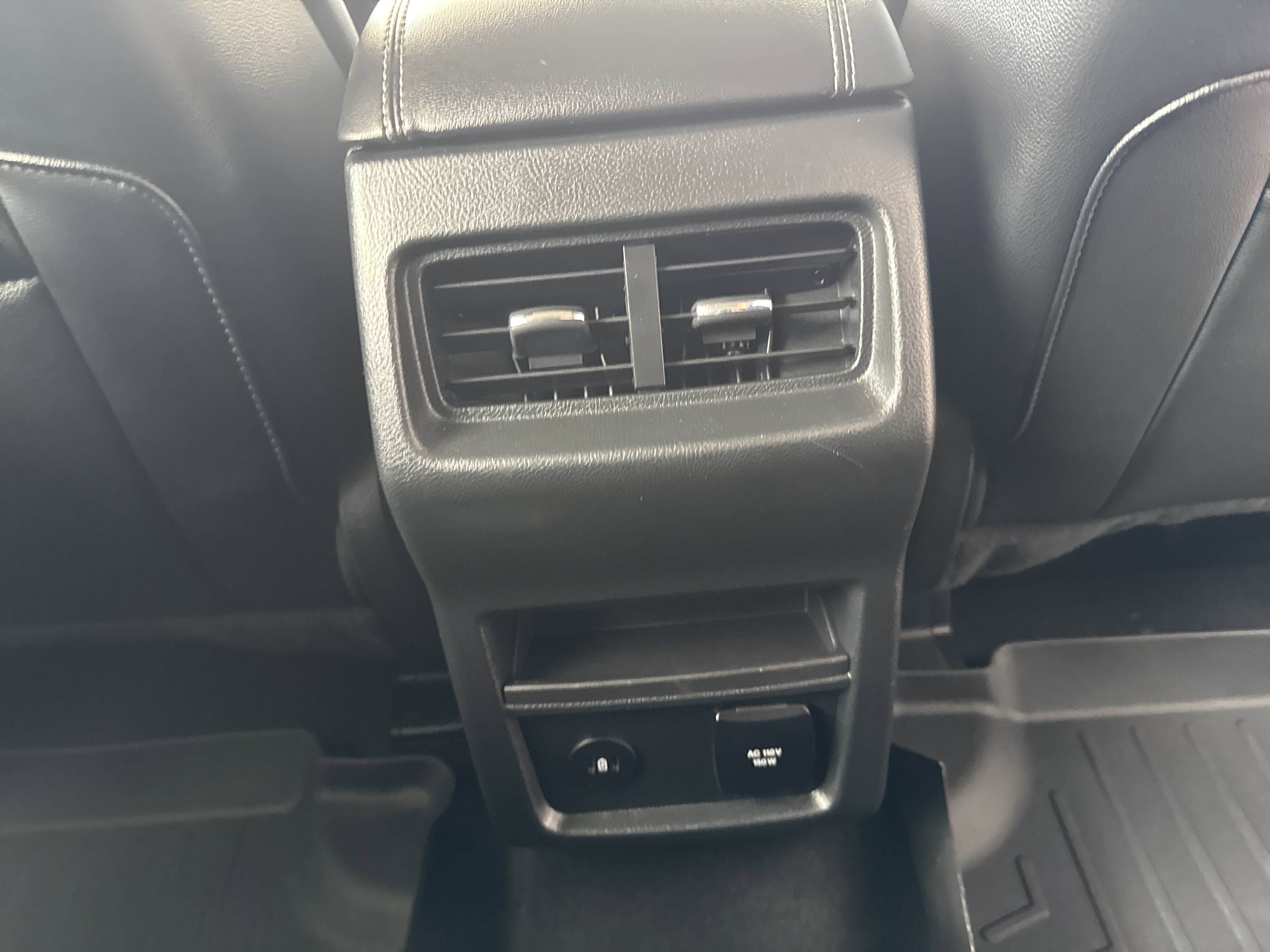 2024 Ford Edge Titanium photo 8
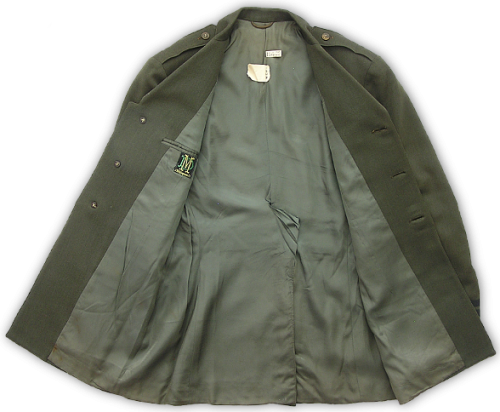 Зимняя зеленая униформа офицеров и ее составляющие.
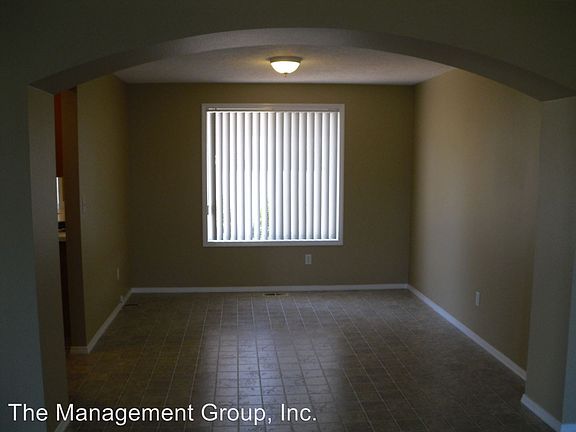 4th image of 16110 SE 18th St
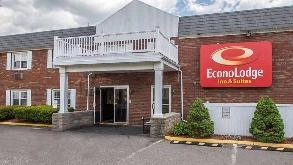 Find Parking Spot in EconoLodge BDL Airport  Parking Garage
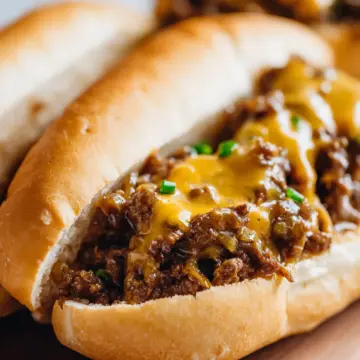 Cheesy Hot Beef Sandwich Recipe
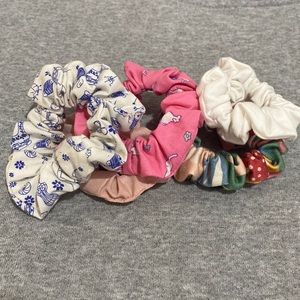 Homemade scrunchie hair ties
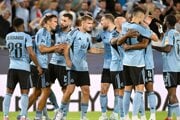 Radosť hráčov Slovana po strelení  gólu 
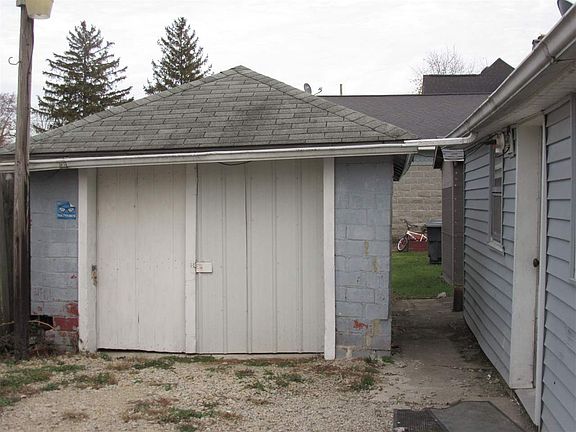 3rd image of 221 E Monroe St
——
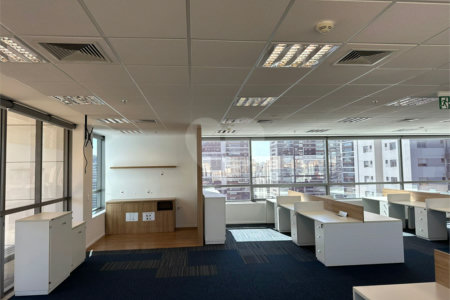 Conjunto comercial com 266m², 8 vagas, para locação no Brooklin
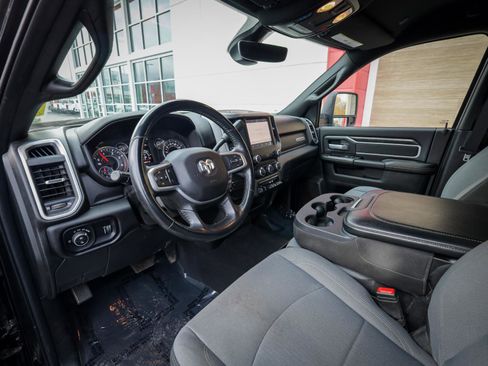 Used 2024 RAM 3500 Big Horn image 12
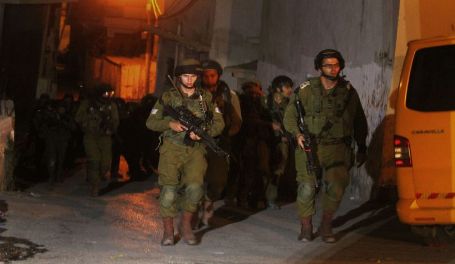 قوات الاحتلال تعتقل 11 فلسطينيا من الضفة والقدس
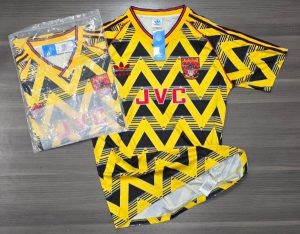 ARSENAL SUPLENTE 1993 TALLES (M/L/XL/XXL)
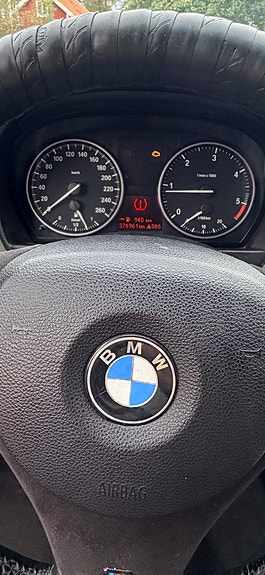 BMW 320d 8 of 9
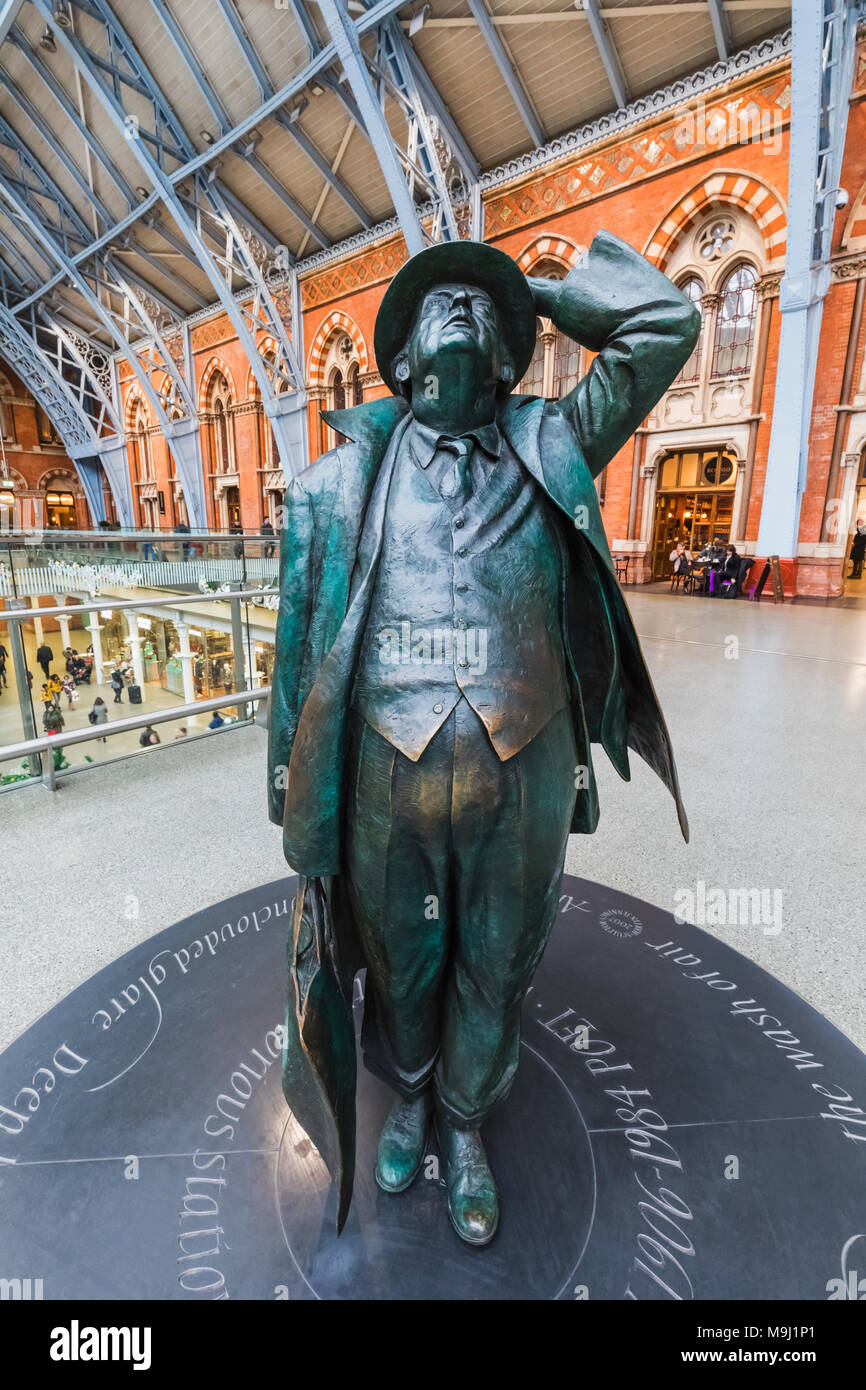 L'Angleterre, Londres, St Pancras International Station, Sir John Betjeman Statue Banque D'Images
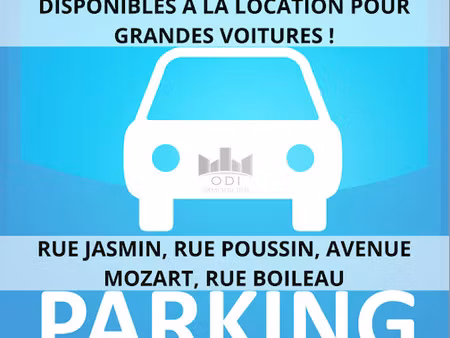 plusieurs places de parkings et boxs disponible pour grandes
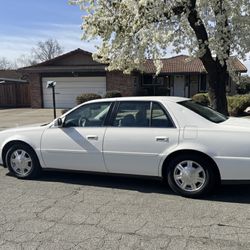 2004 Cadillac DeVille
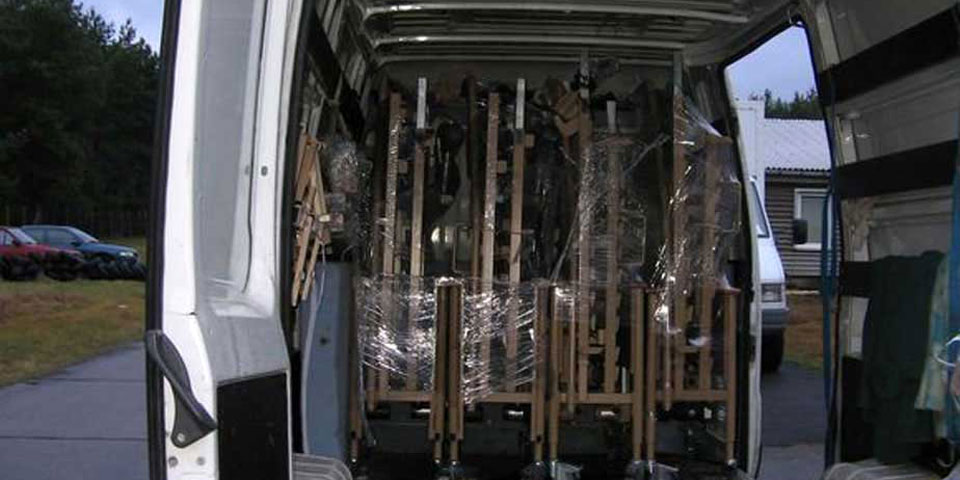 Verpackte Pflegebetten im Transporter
——
Problem details:
In the data above, find the line containing "ARSENAL SUPLENTE 1993 TALLES (M/L/XL/XXL)" and the line containing "Verpackte Pflegebetten im Transporter". Copy exactly the stretch from the first through the second, both included, leaving out any picture.

Response to the task:
 ARSENAL SUPLENTE 1993 TALLES (M/L/XL/XXL)
 BMW 320d 8 of 9
 L'Angleterre, Londres, St Pancras International Station, Sir John Betjeman Statue Banque D'Images
 plusieurs places de parkings et boxs disponible pour grandes
 2004 Cadillac DeVille
 Verpackte Pflegebetten im Transporter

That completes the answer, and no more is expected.